Questions fréquentes

Toute personne atteinte de Hashimoto a-t-elle un intestin perméable ? Pas de façon certaine. Les études montrent qu'en moyenne, les personnes atteintes de Hashimoto présentent des marqueurs de perméabilité intestinale plus élevés que les témoins sains, mais il existe une variabilité d'un individu à l'autre [C3][C4]. De nombreuses personnes atteintes de Hashimoto n'ont aucun symptôme gastro-intestinal.

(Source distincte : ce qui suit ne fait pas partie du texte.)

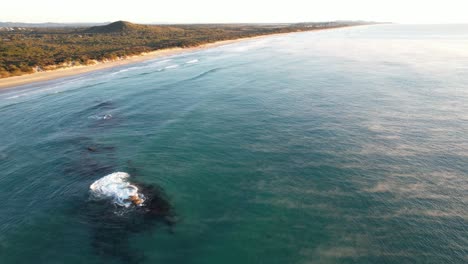 Meeresnebel-Am-Morgen-Am-Coolum-Beach,-Queensland,-Australien,-Luftaufnahme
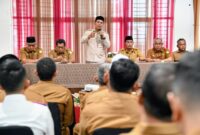 Bupati Aceh Besar, H Muharram Idris 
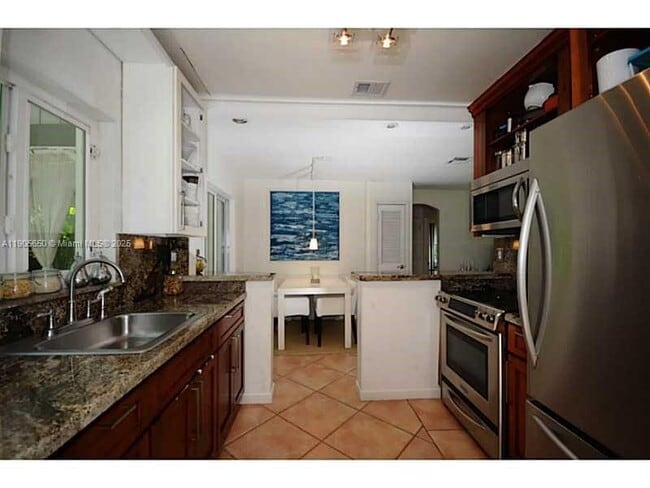 Foto del edificio - 273 NW 92nd St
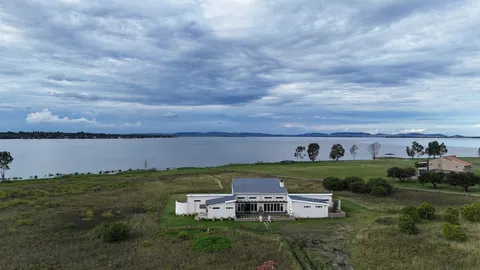Private Holiday Home with Vaal Dam Views on Auction: Heilbron Road, Vaaldam Settlement 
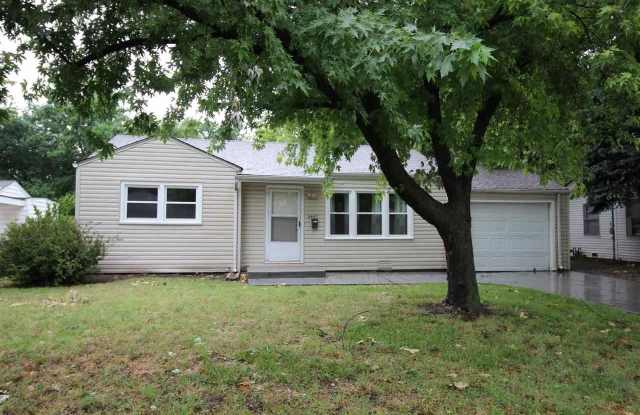 2467 S Bennett Ave photos photos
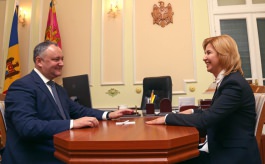  Президент Республики Молдова Игорь Додон провел встречу с башканом Гагаузской автономии Ириной Влах.
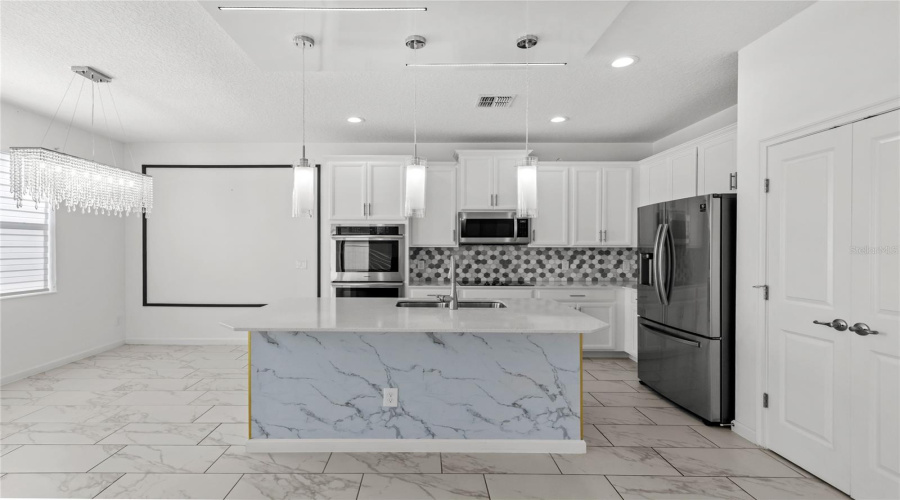 DAVENPORT, Florida 33837, 4 Bedrooms Bedrooms, ,3 BathroomsBathrooms,Residential,For Sale,HENDON,0,MFRO6348235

Les probiotiques peuvent-ils aider à gérer la maladie de Hashimoto en améliorant la santé intestinale ? La supplémentation en probiotiques montre un certain potentiel pour moduler l'axe intestin-immunité, et la recherche sur le microbiote dans la maladie de Hashimoto est active [C5]. Cependant, aucun grand essai randomisé n'a encore démontré que les probiotiques réduisent les taux d'anticorps thyroïdiens ou améliorent les tests de la fonction thyroïdienne. Les preuves sont insuffisantes pour recommander des souches probiotiques spécifiques dans la prise en charge de Hashimoto.

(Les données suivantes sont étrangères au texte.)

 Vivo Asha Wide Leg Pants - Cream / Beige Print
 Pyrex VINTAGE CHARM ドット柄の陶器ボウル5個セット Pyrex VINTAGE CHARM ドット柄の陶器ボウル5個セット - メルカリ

Le régime AIP vaut-il la peine d'être essayé ? L'AIP est un protocole d'éviction restrictif mais structuré. La seule étude pilote disponible a trouvé une amélioration des symptômes et une réduction de l'inflammation — mais aucun changement des marqueurs spécifiques de la thyroïde — dans un petit groupe de 17 femmes [C6]. Il n'est pas contre-indiqué, mais la base de preuves est trop mince pour le qualifier de thérapie fondée sur des données probantes. Si tu l'essaies, fais-le avec l'accompagnement d'un(e) diététicien(ne) et des attentes réalistes.

Quelle est la différence entre l'affirmation du bien-être et la science réelle ? La science réelle dit : « La perméabilité intestinale semble élevée chez les personnes atteintes de Hashimoto, et cela pourrait jouer un rôle dans les processus auto-immuns — bien que le sens de la causalité soit inconnu. » L'affirmation du bien-être dit : « Votre intestin perméable cause votre maladie de Hashimoto ; colmatez-le et votre état s'améliorera. » Cette seconde affirmation ne repose sur aucune preuve d'essai contrôlé randomisé [C1][C2].

En résumé

L'augmentation de la perméabilité intestinale est un constat réel et mesurable chez les personnes atteintes de thyroïdite de Hashimoto, et la voie de la zonuline fournit un mécanisme biologique plausible reliant la santé intestinale à l'auto-immunité [C1][C4]. Cependant, les données actuelles n'établissent pas qu'un intestin perméable cause la maladie de Hashimoto, ni qu'une quelconque intervention spécifique de réparation intestinale modifiera de façon significative l'évolution de la maladie [C6]. Les habitudes alimentaires favorables à l'intestin sont raisonnables et bénéfiques pour la santé — il faut simplement écarter l'idée qu'elles constituent une thérapie contre l'auto-immunité thyroïdienne.

Sources

  1. [C1] Fasano A. Leaky Gut and Autoimmune Diseases. Clin Rev Allergy Immunol. 2012;42(1):71-78. PubMed: 22109896
  2. [C2] Fasano A. All disease begins in the (leaky) gut: role of zonulin-mediated gut permeability in the pathogenesis of some chronic inflammatory diseases. F1000Res. 2020;9:69. PubMed: 32051759
  3. [C3] Sasso FC et al. Children with Hashimoto's Thyroiditis Have Increased Intestinal Permeability: Results of a Pilot Study. J Clin Endocrinol Metab. 2020. PubMed: 31990165
  4. [C4] Çelik MN et al. The relationship between elevated plasma zonulin levels and Hashimoto's thyroiditis. Eur J Clin Nutr. 2022. PubMed search: find paper
  5. [C5] Cayres LCF et al. Detection of Alterations in the Gut Microbiota and Intestinal Permeability in Patients With Hashimoto Thyroiditis. Front Immunol. 2021;12:579140. PMC: 7973118
  6. [C6] Abbott RD et al. Efficacy of the Autoimmune Protocol Diet as Part of a Multi-disciplinary, Supported Lifestyle Intervention for Hashimoto's Thyroiditis. Cureus. 2019;11(4):e4556. PubMed: 31275780
  7. [C7] Mu Q et al. Leaky Gut As a Danger Signal for Autoimmune Diseases. Front Immunol. 2017;8:598. PMC: 5522772

À visée éducative uniquement. Ne constitue pas un avis médical. Consulte toujours ton professionnel de santé.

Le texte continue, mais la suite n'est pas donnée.